New Study: NYC’s Vision Zero Improves Street Safety
Lower-income neighborhoods remain disproportionately unsafe, but DOT plans to target them in proportion to risk.
NEW YORK, NY — While work remains to be done in low-income neighborhoods, New York City’s Vision Zero is working, according to a new study by the Manhattan Institute’s Alex Armlovich. By reengineering intersections and streets with pedestrians and cyclists in mind, the city’s Department of Transportation has reduced deaths at targeted intersections by 34 percent. Unfortunately, lower-income neighborhoods have received less Vision Zero treatment relative to their risk, in part due to community board resistance, and thus continue to suffer higher injury and death rates. Moving forward, however, the DOT plans to appropriately target lower-income neighborhoods in proportion to risk.

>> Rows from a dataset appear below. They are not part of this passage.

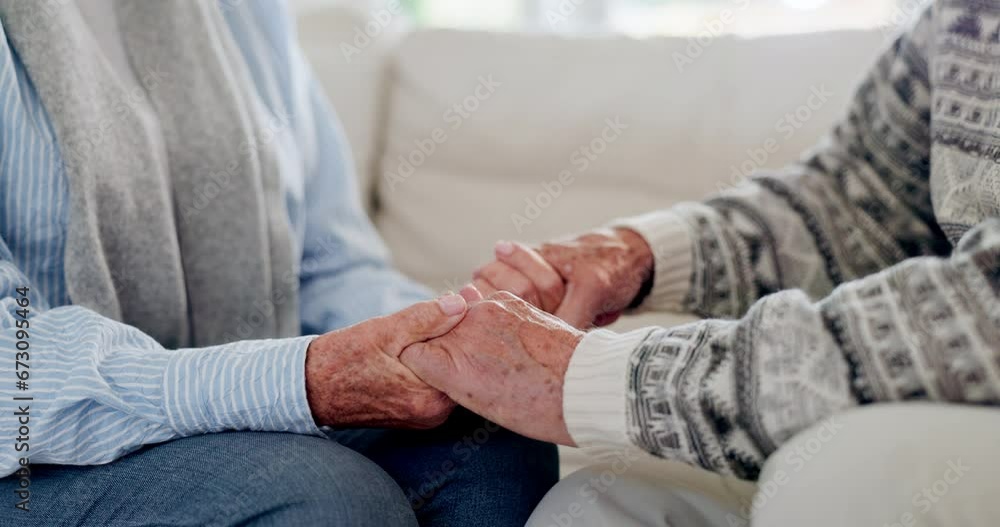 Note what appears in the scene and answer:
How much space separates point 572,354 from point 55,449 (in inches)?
17.2

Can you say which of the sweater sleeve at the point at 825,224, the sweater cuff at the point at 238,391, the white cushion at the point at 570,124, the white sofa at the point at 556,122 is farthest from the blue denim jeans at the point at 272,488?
the white cushion at the point at 570,124

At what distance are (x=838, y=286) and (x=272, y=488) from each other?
1.74 ft

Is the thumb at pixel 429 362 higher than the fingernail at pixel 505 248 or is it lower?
lower

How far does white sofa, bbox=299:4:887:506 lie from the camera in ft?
4.70

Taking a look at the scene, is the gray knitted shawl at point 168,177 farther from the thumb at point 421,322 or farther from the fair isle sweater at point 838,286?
the fair isle sweater at point 838,286

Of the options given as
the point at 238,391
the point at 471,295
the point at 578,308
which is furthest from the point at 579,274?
the point at 238,391

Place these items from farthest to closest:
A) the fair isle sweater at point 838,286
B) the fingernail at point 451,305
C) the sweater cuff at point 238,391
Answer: the fingernail at point 451,305 < the sweater cuff at point 238,391 < the fair isle sweater at point 838,286

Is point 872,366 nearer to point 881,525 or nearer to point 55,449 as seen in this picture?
point 881,525

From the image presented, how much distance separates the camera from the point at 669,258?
1.06 m

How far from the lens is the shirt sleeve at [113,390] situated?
2.42 feet

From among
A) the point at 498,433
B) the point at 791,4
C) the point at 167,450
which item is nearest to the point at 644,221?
the point at 498,433

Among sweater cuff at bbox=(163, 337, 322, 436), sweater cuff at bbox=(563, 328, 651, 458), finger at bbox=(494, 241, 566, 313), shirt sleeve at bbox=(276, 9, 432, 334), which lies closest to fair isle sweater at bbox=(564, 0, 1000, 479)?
sweater cuff at bbox=(563, 328, 651, 458)

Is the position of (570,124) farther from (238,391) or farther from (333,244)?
(238,391)

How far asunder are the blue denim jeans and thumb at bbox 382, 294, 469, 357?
11cm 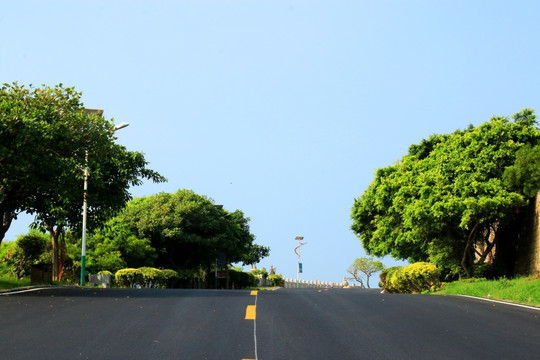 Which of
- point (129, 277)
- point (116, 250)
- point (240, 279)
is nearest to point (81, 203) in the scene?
point (129, 277)

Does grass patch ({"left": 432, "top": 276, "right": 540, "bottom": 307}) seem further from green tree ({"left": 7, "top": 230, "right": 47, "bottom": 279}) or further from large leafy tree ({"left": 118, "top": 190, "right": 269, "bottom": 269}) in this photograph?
large leafy tree ({"left": 118, "top": 190, "right": 269, "bottom": 269})

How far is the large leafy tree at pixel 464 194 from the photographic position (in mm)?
30172

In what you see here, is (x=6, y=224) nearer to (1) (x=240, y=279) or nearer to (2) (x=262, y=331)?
(2) (x=262, y=331)

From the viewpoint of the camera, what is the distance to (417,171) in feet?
122

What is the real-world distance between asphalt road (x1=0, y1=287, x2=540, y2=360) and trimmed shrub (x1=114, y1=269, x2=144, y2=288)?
72.6ft

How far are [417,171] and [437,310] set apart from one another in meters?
24.9

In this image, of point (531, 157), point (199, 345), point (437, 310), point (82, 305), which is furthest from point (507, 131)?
point (199, 345)

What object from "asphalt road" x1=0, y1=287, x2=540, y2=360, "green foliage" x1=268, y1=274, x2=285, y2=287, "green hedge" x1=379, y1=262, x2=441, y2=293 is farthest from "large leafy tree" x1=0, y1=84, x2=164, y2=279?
"green foliage" x1=268, y1=274, x2=285, y2=287

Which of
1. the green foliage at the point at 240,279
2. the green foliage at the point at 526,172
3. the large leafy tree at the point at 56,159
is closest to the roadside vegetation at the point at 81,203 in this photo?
the large leafy tree at the point at 56,159

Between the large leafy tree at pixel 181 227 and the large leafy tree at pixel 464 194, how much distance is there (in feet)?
68.9

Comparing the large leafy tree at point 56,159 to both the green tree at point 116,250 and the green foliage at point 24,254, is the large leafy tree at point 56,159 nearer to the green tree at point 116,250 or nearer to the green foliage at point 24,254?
the green foliage at point 24,254

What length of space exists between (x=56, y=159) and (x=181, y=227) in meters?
32.2

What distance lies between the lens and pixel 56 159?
21406 millimetres

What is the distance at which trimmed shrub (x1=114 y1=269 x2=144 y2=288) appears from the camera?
36.1 m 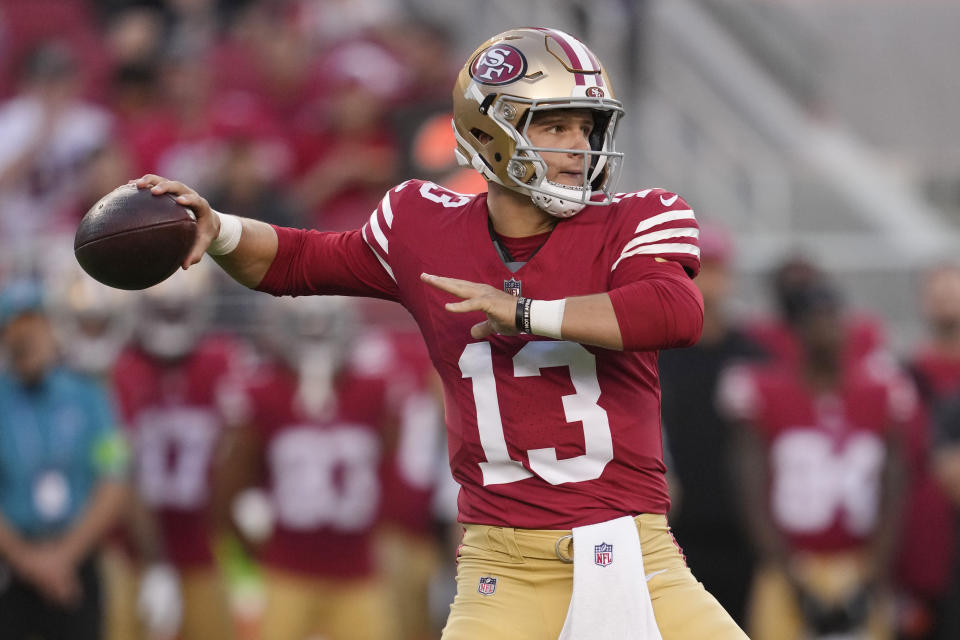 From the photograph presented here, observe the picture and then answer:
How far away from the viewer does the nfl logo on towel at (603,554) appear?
339 cm

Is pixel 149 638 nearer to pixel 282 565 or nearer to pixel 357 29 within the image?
pixel 282 565

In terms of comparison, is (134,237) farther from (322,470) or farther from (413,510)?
(413,510)

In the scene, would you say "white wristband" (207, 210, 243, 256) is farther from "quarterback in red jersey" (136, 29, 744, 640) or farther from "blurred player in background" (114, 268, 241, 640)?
"blurred player in background" (114, 268, 241, 640)

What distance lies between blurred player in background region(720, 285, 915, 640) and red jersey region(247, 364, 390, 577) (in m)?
1.74

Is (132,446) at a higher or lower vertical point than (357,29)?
lower

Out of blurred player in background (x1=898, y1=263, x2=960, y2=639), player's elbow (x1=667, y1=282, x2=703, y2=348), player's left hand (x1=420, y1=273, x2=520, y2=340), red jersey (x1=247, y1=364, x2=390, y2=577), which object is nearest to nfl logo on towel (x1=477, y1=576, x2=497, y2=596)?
player's left hand (x1=420, y1=273, x2=520, y2=340)

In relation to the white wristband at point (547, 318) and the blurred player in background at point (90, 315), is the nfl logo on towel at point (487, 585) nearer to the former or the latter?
the white wristband at point (547, 318)

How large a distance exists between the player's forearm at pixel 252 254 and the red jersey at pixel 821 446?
10.3ft

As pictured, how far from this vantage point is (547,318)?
3.25 metres

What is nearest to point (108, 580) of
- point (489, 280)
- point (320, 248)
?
point (320, 248)


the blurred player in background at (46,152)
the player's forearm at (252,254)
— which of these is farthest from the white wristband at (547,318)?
the blurred player in background at (46,152)

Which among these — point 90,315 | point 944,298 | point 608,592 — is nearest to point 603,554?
point 608,592

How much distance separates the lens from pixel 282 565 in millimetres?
6984

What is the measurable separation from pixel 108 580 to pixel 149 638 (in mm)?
613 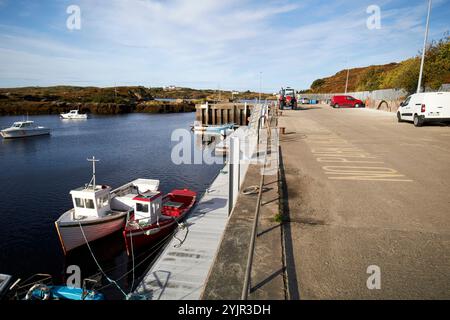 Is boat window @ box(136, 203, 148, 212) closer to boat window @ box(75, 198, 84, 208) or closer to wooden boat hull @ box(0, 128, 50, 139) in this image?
boat window @ box(75, 198, 84, 208)

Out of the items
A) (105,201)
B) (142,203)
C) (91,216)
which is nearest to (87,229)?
(91,216)

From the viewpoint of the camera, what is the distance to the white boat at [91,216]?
13.9 metres

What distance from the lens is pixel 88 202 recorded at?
1478 centimetres

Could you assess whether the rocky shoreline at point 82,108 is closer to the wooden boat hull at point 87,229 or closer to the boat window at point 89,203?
the boat window at point 89,203

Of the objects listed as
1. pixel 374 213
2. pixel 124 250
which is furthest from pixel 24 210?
pixel 374 213

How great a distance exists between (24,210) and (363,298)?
22.4 meters

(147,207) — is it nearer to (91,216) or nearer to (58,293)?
(91,216)

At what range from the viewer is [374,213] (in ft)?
18.1

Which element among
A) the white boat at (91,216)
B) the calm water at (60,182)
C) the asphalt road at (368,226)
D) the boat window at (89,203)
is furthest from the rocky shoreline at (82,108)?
the asphalt road at (368,226)

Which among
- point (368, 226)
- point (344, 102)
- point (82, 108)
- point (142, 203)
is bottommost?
point (142, 203)

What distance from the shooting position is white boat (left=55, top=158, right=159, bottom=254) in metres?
13.9

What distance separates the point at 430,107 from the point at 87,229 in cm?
2218

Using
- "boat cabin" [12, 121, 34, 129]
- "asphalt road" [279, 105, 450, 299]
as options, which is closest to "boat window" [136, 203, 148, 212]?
"asphalt road" [279, 105, 450, 299] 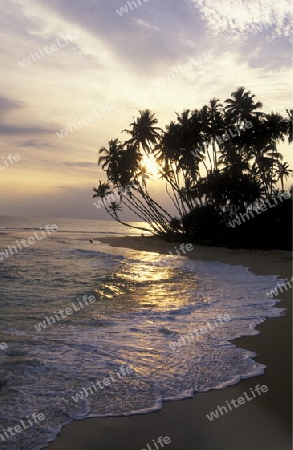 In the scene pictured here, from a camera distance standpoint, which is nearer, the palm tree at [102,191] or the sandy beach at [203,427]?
the sandy beach at [203,427]

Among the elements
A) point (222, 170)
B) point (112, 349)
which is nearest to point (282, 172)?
point (222, 170)

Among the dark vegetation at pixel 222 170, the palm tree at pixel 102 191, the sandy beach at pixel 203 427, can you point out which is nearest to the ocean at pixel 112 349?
the sandy beach at pixel 203 427

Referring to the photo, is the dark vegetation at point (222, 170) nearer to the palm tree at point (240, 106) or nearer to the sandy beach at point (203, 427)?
the palm tree at point (240, 106)

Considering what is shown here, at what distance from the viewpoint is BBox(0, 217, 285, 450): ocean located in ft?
16.6

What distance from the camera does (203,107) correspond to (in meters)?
49.1

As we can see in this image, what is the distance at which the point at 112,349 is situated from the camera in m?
7.59

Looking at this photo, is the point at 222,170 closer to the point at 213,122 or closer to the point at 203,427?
the point at 213,122

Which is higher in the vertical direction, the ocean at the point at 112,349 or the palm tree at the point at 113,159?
the palm tree at the point at 113,159

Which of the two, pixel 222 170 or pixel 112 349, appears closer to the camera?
pixel 112 349

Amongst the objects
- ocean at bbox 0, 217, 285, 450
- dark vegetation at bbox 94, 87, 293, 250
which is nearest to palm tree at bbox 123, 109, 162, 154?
dark vegetation at bbox 94, 87, 293, 250

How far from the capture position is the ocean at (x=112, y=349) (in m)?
5.07

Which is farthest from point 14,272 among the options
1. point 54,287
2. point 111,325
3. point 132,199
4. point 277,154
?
point 132,199

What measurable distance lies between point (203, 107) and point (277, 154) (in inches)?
396

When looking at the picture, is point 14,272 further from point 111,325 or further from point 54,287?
point 111,325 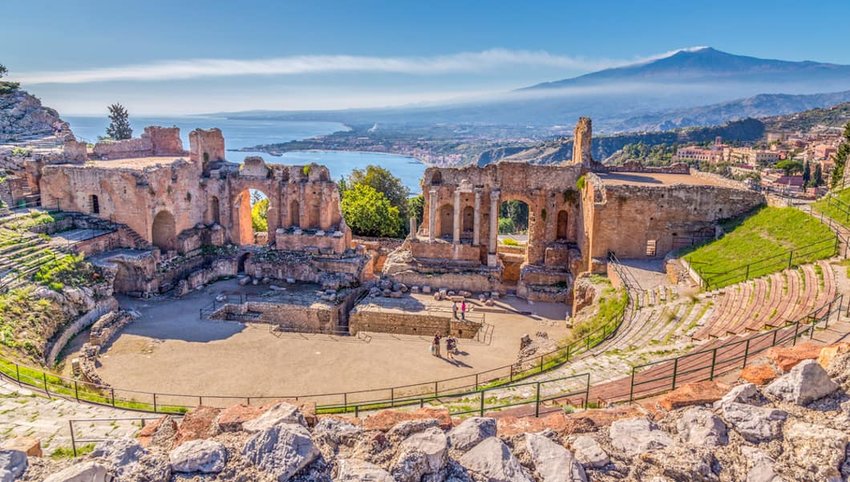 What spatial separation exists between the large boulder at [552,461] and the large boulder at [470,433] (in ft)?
1.65

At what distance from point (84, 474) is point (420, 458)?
359 cm

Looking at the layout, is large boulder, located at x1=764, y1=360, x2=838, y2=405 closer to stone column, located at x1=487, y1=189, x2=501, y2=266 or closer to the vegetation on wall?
stone column, located at x1=487, y1=189, x2=501, y2=266

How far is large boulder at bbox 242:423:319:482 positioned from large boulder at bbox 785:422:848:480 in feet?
19.0

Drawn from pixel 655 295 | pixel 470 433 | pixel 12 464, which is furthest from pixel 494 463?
pixel 655 295

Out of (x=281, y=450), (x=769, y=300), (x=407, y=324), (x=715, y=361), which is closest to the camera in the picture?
(x=281, y=450)

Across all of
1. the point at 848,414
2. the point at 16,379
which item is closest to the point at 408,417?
the point at 848,414

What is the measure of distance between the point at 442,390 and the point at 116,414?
898 centimetres

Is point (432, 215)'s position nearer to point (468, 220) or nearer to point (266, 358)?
point (468, 220)

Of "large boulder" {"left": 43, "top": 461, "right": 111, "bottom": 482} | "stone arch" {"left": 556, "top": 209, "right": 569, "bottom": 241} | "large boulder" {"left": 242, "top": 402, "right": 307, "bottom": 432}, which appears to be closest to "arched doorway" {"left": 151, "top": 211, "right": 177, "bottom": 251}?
"stone arch" {"left": 556, "top": 209, "right": 569, "bottom": 241}

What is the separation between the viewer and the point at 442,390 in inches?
687

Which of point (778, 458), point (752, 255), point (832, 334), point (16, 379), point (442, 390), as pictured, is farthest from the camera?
point (752, 255)

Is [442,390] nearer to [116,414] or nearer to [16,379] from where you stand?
[116,414]

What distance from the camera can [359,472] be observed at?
6.25 metres

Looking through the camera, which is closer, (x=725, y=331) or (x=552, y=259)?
(x=725, y=331) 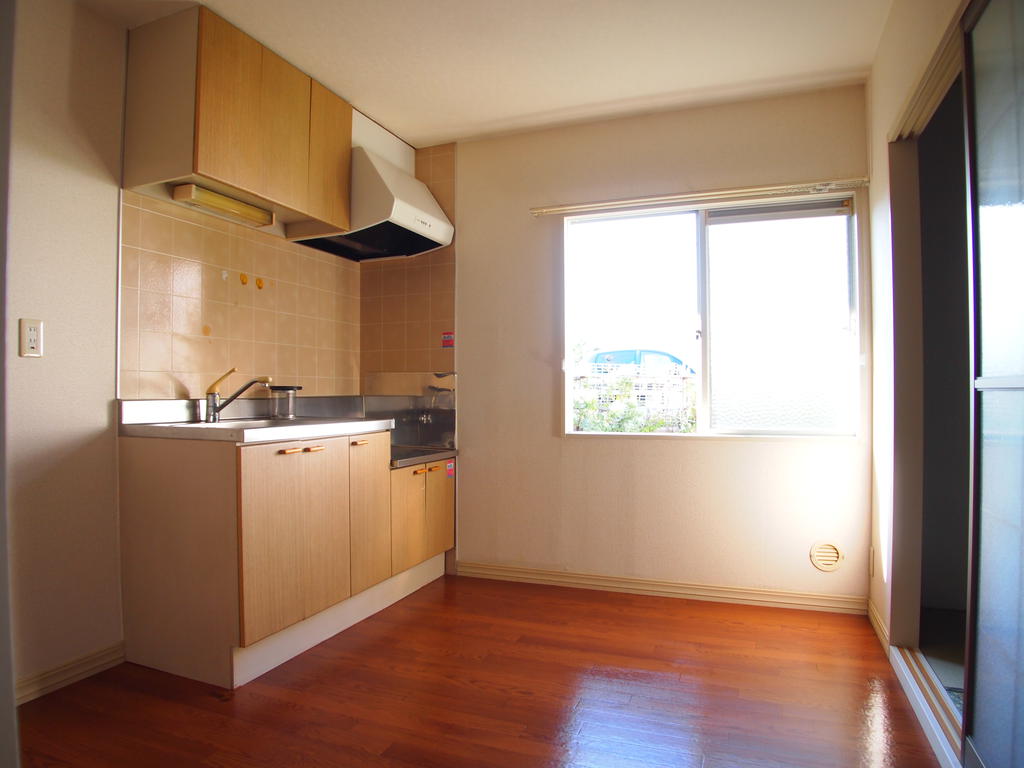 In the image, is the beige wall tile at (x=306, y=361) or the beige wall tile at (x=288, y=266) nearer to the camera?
the beige wall tile at (x=288, y=266)

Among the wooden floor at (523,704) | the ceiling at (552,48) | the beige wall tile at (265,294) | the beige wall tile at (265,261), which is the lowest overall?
the wooden floor at (523,704)

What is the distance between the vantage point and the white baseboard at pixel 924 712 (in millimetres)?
1704

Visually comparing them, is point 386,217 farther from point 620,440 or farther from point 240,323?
point 620,440

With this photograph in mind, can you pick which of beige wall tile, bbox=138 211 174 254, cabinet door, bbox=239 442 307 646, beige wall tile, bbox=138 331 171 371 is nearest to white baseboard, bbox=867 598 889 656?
cabinet door, bbox=239 442 307 646

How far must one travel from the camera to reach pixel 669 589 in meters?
3.24

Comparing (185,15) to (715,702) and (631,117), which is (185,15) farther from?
(715,702)

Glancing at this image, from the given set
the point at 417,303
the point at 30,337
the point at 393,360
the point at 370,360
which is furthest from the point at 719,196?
the point at 30,337

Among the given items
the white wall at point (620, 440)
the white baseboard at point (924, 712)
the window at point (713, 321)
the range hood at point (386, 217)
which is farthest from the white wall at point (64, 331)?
the white baseboard at point (924, 712)

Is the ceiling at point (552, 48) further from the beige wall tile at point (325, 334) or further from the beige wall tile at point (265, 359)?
the beige wall tile at point (265, 359)

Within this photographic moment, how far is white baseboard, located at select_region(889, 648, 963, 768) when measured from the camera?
67.1 inches

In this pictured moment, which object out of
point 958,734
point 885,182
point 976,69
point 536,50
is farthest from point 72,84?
point 958,734

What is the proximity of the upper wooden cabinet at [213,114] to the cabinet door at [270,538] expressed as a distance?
1.16 meters

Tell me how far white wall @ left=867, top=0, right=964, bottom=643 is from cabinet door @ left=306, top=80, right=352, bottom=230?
8.18 feet

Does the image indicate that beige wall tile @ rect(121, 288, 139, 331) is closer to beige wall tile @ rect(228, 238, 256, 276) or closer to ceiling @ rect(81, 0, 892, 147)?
beige wall tile @ rect(228, 238, 256, 276) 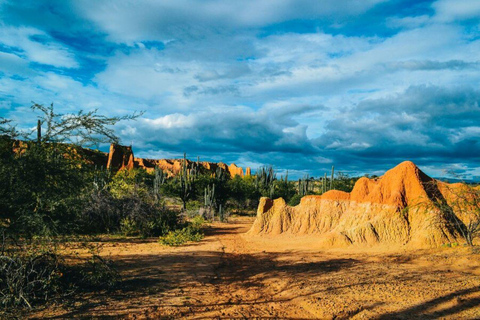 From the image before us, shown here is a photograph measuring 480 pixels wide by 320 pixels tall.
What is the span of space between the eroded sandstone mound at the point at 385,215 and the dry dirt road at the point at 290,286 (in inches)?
58.2

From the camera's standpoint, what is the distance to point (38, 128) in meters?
8.19

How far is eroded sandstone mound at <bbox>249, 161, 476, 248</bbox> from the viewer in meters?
15.8

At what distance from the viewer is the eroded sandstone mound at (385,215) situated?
1578 cm

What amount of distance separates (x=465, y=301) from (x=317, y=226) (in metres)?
14.3

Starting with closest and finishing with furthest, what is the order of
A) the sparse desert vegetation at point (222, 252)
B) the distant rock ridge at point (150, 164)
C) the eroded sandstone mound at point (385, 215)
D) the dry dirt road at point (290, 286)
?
the sparse desert vegetation at point (222, 252)
the dry dirt road at point (290, 286)
the eroded sandstone mound at point (385, 215)
the distant rock ridge at point (150, 164)

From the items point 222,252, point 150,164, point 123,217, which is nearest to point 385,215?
point 222,252

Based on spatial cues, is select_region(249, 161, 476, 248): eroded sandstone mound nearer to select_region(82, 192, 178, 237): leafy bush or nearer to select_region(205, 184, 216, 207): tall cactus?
select_region(82, 192, 178, 237): leafy bush

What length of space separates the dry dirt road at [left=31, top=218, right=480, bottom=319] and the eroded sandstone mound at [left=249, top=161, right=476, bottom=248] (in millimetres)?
1479

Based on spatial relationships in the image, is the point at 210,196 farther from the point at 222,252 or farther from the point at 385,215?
the point at 385,215

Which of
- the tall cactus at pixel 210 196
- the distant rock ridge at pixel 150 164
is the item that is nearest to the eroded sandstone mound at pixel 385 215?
the tall cactus at pixel 210 196

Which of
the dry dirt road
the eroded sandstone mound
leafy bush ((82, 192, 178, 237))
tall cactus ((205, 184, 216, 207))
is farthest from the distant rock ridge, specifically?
the dry dirt road

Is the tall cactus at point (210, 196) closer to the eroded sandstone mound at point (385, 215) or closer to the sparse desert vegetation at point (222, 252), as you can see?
the sparse desert vegetation at point (222, 252)

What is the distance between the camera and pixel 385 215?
17.7 meters

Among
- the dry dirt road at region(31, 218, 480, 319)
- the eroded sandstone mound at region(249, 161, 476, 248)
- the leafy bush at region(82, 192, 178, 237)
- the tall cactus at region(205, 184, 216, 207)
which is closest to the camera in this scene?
the dry dirt road at region(31, 218, 480, 319) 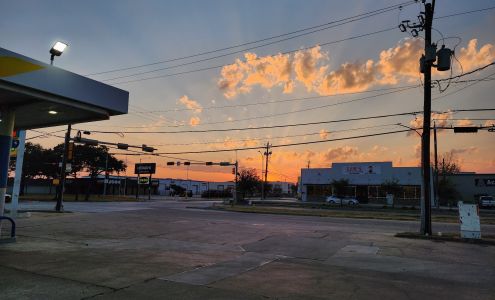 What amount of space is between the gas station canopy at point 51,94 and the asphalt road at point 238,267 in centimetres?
441

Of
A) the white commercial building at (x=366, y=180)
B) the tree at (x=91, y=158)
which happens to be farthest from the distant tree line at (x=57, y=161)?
the white commercial building at (x=366, y=180)

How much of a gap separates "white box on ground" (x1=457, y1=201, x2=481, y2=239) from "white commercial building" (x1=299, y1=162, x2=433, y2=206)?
4792 centimetres

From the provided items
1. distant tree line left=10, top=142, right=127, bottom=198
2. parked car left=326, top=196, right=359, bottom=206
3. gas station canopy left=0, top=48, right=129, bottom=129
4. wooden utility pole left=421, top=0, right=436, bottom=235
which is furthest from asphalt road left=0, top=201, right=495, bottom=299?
distant tree line left=10, top=142, right=127, bottom=198

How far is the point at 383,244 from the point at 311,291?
8.18 metres

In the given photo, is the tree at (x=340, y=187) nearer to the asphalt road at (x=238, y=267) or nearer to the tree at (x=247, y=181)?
the tree at (x=247, y=181)

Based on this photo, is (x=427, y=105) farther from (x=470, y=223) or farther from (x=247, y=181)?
(x=247, y=181)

While Vision Zero is (and, given the size of New York City, will probably always be) a work in progress, the evidence is clear that it has improved street safety. The study finds:
- Between 2009 and 2016, pedestrian and bicycle deaths at roughly 4,600 intersections receiving at least one safety treatment during Vision Zero declined by 34 percent. By contrast, about 25,700 untreated intersections saw a 3 percent increase.
- The more city engineers have redesigned a particular neighborhood’s streets and sidewalks, the more that neighborhood has experienced reduced traffic injuries and deaths.
- Mapped pedestrian deaths actually increased slightly in 2016, from 126 to 128, but only at intersections that had not received Vision Zero treatment.
In light of the mayor’s “tale of two cities,” there are two additional, noteworthy findings:
- The Vision Zero treatments implemented through 2016 have slightly favored higher-income neighborhoods, especially in Manhattan’s Upper East Side and Upper West Side.
- Lower-income residential neighborhoods have not received intensive Vision Zero treatment relative to their risk, and continue to suffer higher pedestrian-crash rates.